Console output shows processedCount incrementing to 2 for what is logically the same order, this is the double-processing bug in miniature. In production this would be RabbitMQ genuinely redelivering after a consumer crash, not two manual curl calls, but the resulting consumer-side symptom is identical.

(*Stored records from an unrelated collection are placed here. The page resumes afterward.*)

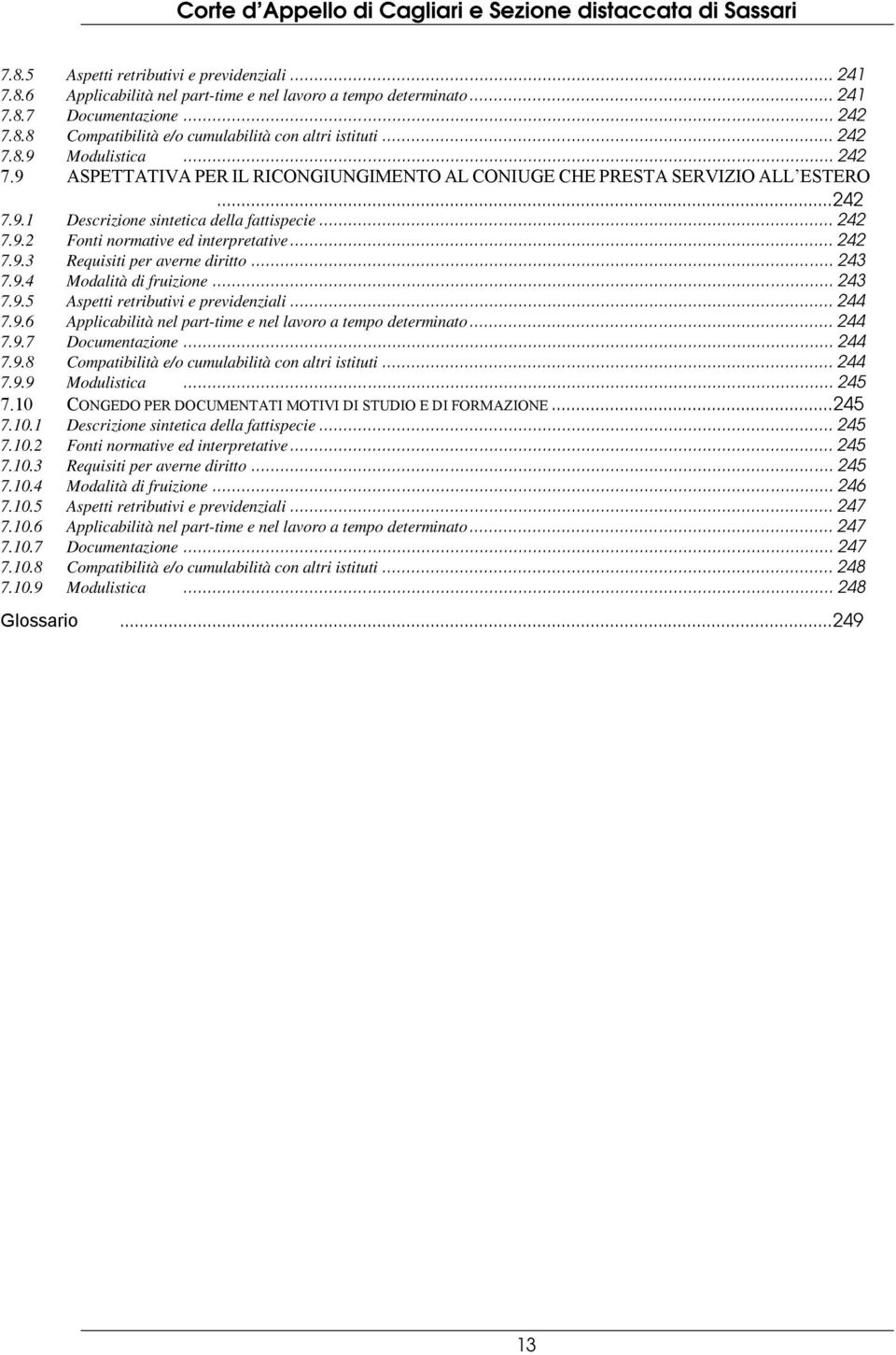 .. 242 7.9.3 Requisiti per averne diritto... 243 7.9.4 Modalità di fruizione... 243 7.9.5 Aspetti retributivi e previdenziali... 244 7.9.6 Applicabilità nel part-time e nel lavoro a tempo determinato.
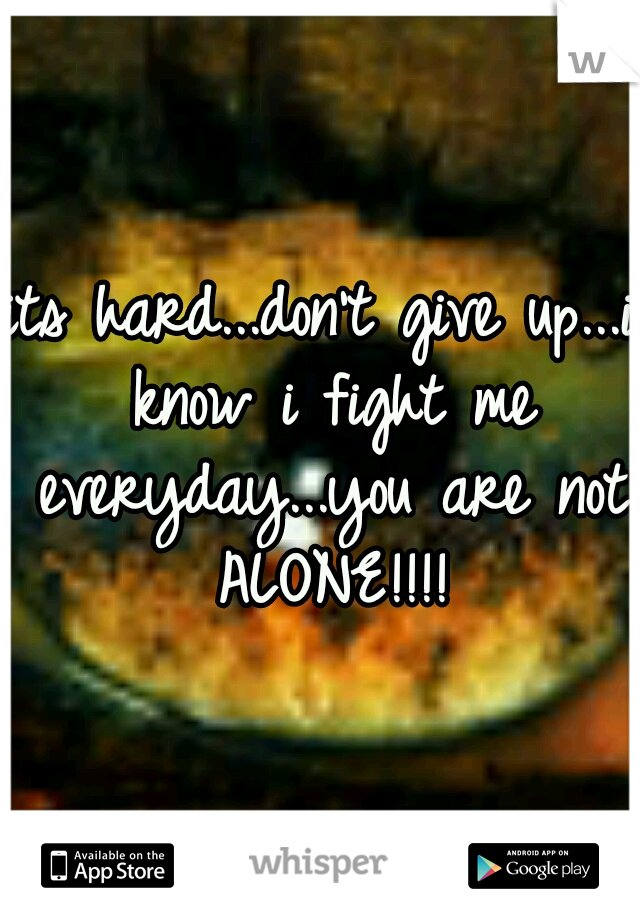 its hard...don't give up...i know i fight me everyday...you are not ALONE!!!!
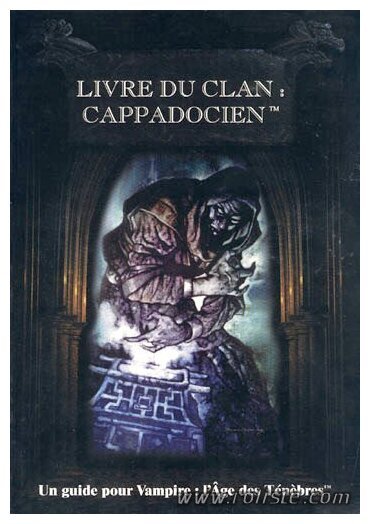 Vampire : L'âge des ténèbres - Livre du clan : Cappadocien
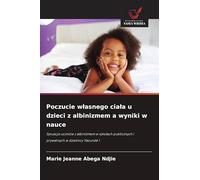 Poczucie wlasnego ciala u dzieci z albinizmem a wyniki w nauce: Sytuacja uczniów z albinizmem w szko¿ach publicznych i prywatnych w dzielnicy Yaoundé 1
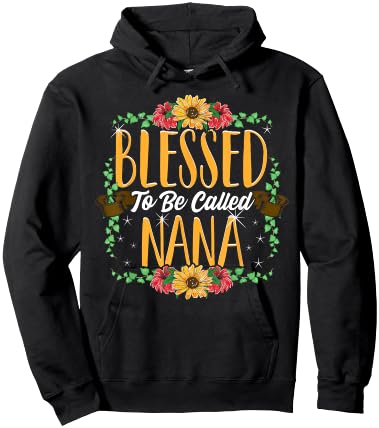 Blessed To Be Called Nana Cute Nana Mothers Day Gifts Hoodie - Hoodie | Black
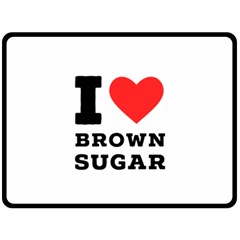 I Love Brown Sugar Two Sides Fleece Blanket (large) by ilovewhateva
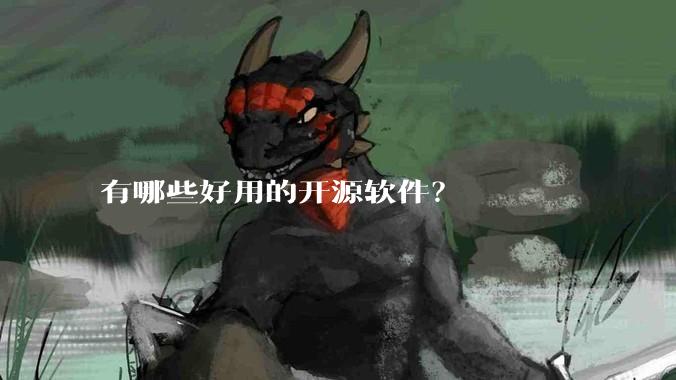 有哪些好用的开源软件？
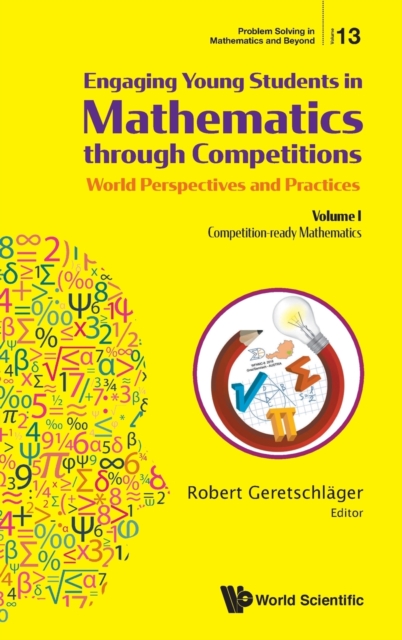 Engaging Young Students in Mathematics Through Competitions - World Perspectives and Practices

Step 3: Add an idempotency check using an in-memory Set of seen message IDs (a real implementation would use a DB unique constraint or a Redis dedup key so it survives restarts and works across multiple instances, the Set here is just for a quick local demo):

@Component
public class OrderConsumer {

    private final Set<String> seenOrderIds = ConcurrentHashMap.newKeySet();
    private final AtomicInteger processedCount = new AtomicInteger(0);

    @RabbitListener(queues = RabbitConfig.QUEUE)
    public void handleOrder(String orderJson) {
        String orderId = extractOrderId(orderJson); // e.g., simple JSON parse

        if (!seenOrderIds.add(orderId)) {
            System.out.println("Skipping duplicate delivery of " + orderId);
            return;
        }

        processedCount.incrementAndGet();
        System.out.println("Processed order (count=" + processedCount.get() + "): " + orderJson);
    }
}

Step 4: Re-run the same two curl calls from Step 2. This time, the console shows the order processed once and the second delivery logged as Skipping duplicate delivery of ORD-1, processedCount stays at 1. This is the idempotent-consumer pattern a support engineer needs to recognize in someone else’s code, not necessarily hand-build in production: check a unique ID against an already-processed store before applying any side effect.

✅ Checkpoint

You should now be able to:

Distinguish broker-side CPU credit throttling from app-side JVM GC pauses using scope (broker-wide vs. single-consumer) and timestamp correlation, without needing to be told which one it is.
Explain why “unlimited burst mode” is a cost/approval decision, not a quiet fix to flip during an incident.
Explain to a downstream team, with evidence, why a duplicate or out-of-order message is expected at-least-once/concurrent-consumer behavior rather than a RabbitMQ defect.
Recognize an idempotent consumer pattern (unique-ID dedup check, naturally idempotent operations) well enough to confirm whether an app team’s code has one.